初期設定

見るとは見ないものを決めること。
もしぜんぶを見ようとすれば何も見えない。
知るとは知らないことを決めながら知ること。
もしぜんぶ知ろうとすれば何も知ることはない。
ところが、このように集中することばかりが重要なのではない。脱力し茫漠しつつ全体を平均的に注意する(無理のある表現だが)時間がなくては、ほんとうの集中はない。
これはだれもが無意識に行なっているが、集中の度合いと弛緩の度合いとが大きく異なる。大きく集中すればそれだけ大きな弛緩を要する。弛緩の状態を具体的に言い表すなら「あっちの世界にいってしまっている」ような感じである。これを評して人は怠けていると言うだろう。
そうではない。怠けているようにみえる忘我と恍惚のあいだに来たるべき強度な集中に備えている。それはまた過集中のあとの平安でもある。両者はトレードオフであり、一方が欠ければもう一方はない。
極端な傾向のあることは少なくとも条件のひとつになるが、良き均衡を保ったうえで尚も極端であることが要求される。良き均衡とは、現実とどこかでつながっていることである。恐ろしいことに現実と切れた時点で終わりである。あくまでも常識を配慮しながらでなくてはならない。論語を無視するのは無謀すぎる。ここでも矛盾の成就である。
達成のための条件は、極端な傾向に加えて矛盾を成就させる力という第二の条件が入り用になる。ところで極端になることはそれほど困難なことではないだろう。寧ろ極端になりがちだとも言える。だがこれでは何の成就を齎さない。まったくの独りよがりであるに過ぎない。一度はこのような独りよがりの深海に没入してもいいが、海面まで浮き上がって来るべきである。もっとも海面に浮かぶだけで潜りもしないのは論外とする。矛盾の成就とは、我を忘れる深い没頭と、それと真逆にある現実世界との連絡を絶やさないことである。

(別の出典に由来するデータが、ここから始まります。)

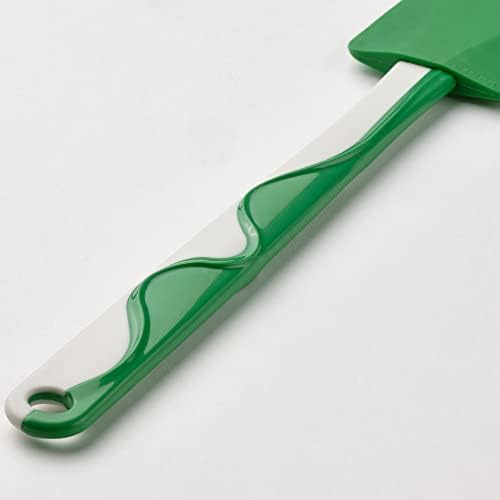 GUBBRÖRA Kauçuk Spatula, Yeşil/Beyaz
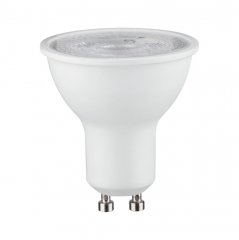 Paulmann 28755 Standard 230V LED Reflektor GU10 460lm 7W 4000K dimmbar Wei� matt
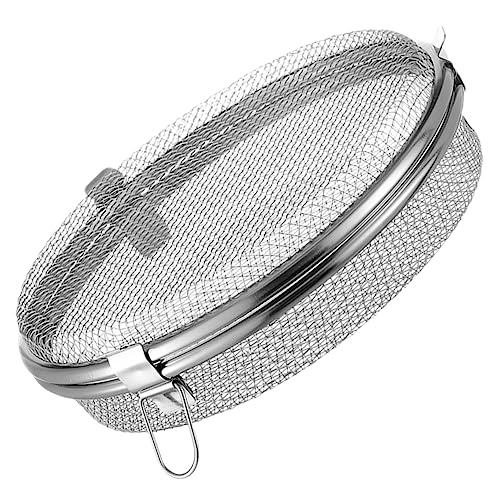 TOPBATHY Besteck-Organizer Besteck-Wäscheständer Luftfritteuse Geschirrtrockner Besteckkorb für die Spülmaschine aus Metall Korb für Geschirrspülutensilien aus Metall von TOPBATHY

矛盾成就のための不可欠な要素とは、均衡を維持する能力である。バランスを崩しながらも尚もバランスを維持するのはかなり困難である。バランスを崩さなければ何も変わらないので、意図的にバランスを崩すのであるが、秤のように中心に戻ることを忘れてはならない。メトロノーム のように真ん中に絶えず戻りながら揺れるのが理想である。中心に帰るとは、初期設定をゼロにすることを忘れないことだ。どんなに遠く離れたとしてもスタート地点に戻る。幼児の心を想像するとか、みずから夢を分析してみるのもおなじことである。